What you have to do:
Give again, word for word, every line in the entries below from the line with "First Base Gunmetal" up to and including the line with "Étiquette À Bagage", and no other line.

Data provided:
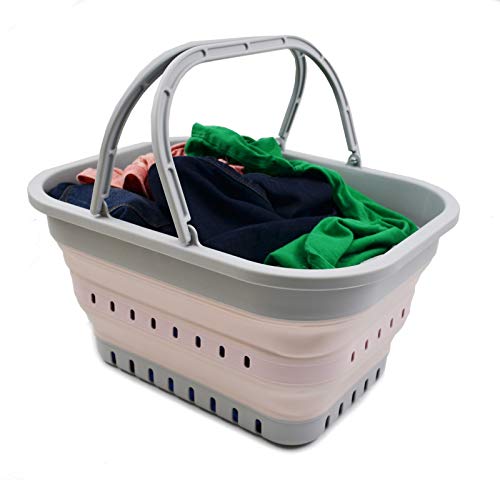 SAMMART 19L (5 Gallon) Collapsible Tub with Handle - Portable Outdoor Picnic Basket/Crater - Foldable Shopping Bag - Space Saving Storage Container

--

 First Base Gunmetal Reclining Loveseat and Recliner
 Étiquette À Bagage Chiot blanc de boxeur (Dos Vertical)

Task solution:
 First Base Gunmetal Reclining Loveseat and Recliner
 Étiquette À Bagage Chiot blanc de boxeur (Dos Vertical)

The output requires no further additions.